A failure to acquire important enabling technologies will put existing capabilities at risk and threaten the complete supply chain, leading to substantial job losses in high-quality specialist fields and related sectors. It proposes a new recovery roadmap that it says is vital if Europe’s defense sector is not to become dependent on non-European solutions, which may produce capability gaps and remove prospects for maintaining current high levels of export sales.
The FAS4Europe advisory team (which represents almost all Europe’s major aerospace and defense primes and first-tier companies) recommends a remedial strategy in three phases.
Phase 1 would be implemented in the short term up to 2017 and would aim to keep future capability options open with a set of agreed projects that together will help sustain industrial capabilities, mature new technologies, and prepare new-cooperation business models, as well as closer procurement processes.

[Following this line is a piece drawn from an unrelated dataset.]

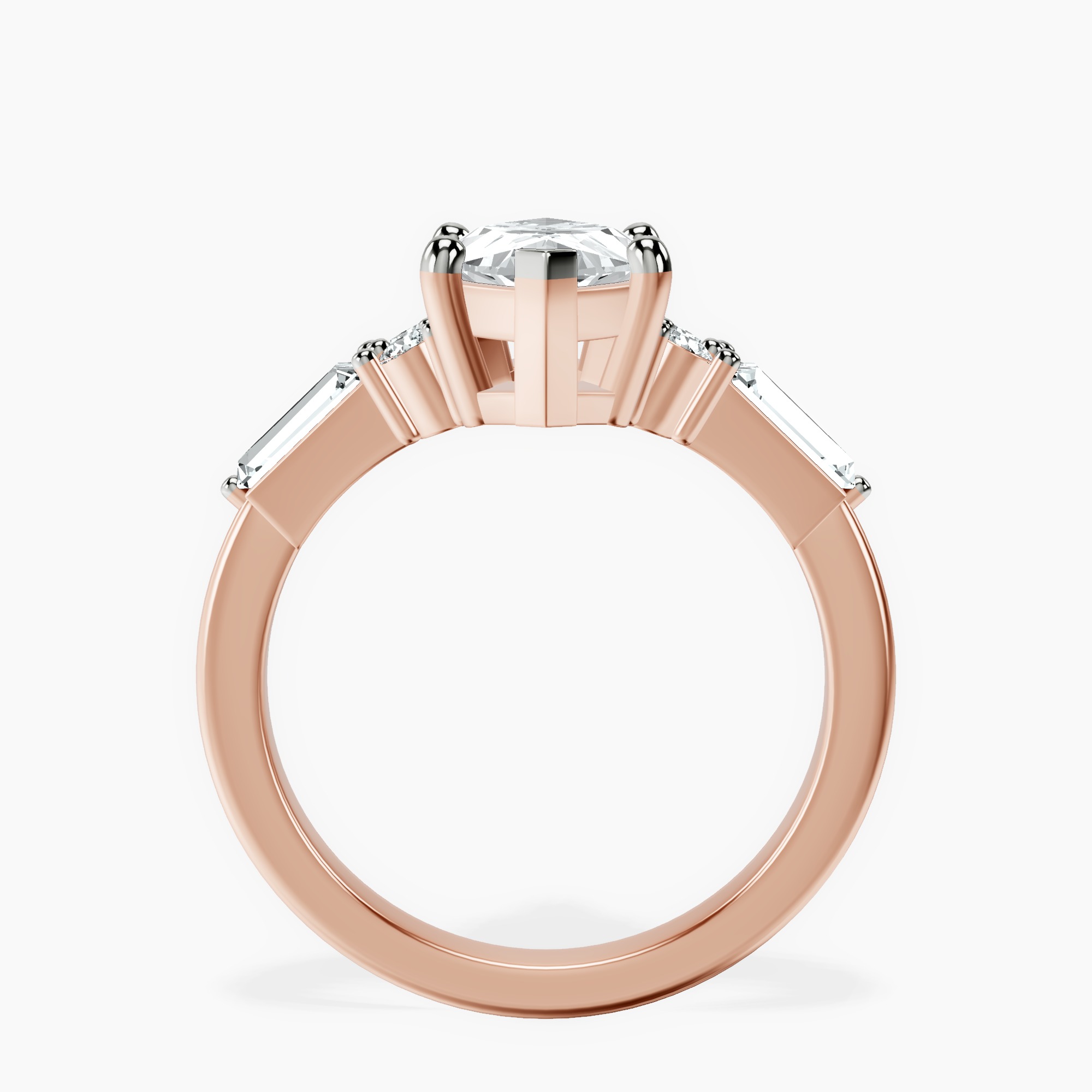 2.92 ct. marquise Helia Tapered Baguette Lab Diamond Ring in 18kt rose gold side right image one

This would be in addition to continuing new programs already in hand.
Second phase is comprised of a set of substantial project proposals to be initiated over the 2017-22 period to reduce risks in future development programs. It calls for a number of new demonstrator programs within this phase.
The third phase would consist of developing the longer-term proposals for the period after 2022 to a position where European nations’ air systems requirements could be met. It continues to point out that Europe is now at a turning point, and if appropriate measures are not taken to halt the steady erosion in capabilities, it will be very difficult and costly to reverse the decline. But if action is taken now, it remains possible, according to the EDA, to safeguard an industrial and technological base that will be able to meet future challenges and can maintain Europe’s sovereign capability.
If this report is to lead to any real progress in helping to end future uncertainty over future air systems development in Europe, then increased efforts will be needed to rationalize existing military procurement efforts that are currently very fragmented. The best example of this can be seen in the field of unmanned air systems (UAS), where there are now too many separate projects chasing a limited military market, with insufficient firm orders to maintain the momentum that has been created by building technology demonstrators.
The U.K. and France signed a treaty two years ago to cooperate more closely in meeting future UAS requirements. This led to the adoption of the BAE Systems Mantis as the chosen platform for a new long-endurance UAV to be developed with Dassault. There as yet has been little news of progress.
In sharp contrast at the moment is the head-on competition between these two partners on their more-advanced stealthy unmanned combat air vehicle (UCAV) demonstrators that both are developing separately, and which are both due to fly this year. It would seem logical for the BAE Taranis and the Dassault-led NEURON UCAV projects to come together into a single program to save duplicating further development work and costs.
While both look near identical in appearance, there are major differences in materials and construction features, and it remains to be seen if something substantial will emerge that might provide at least one major new program for the future.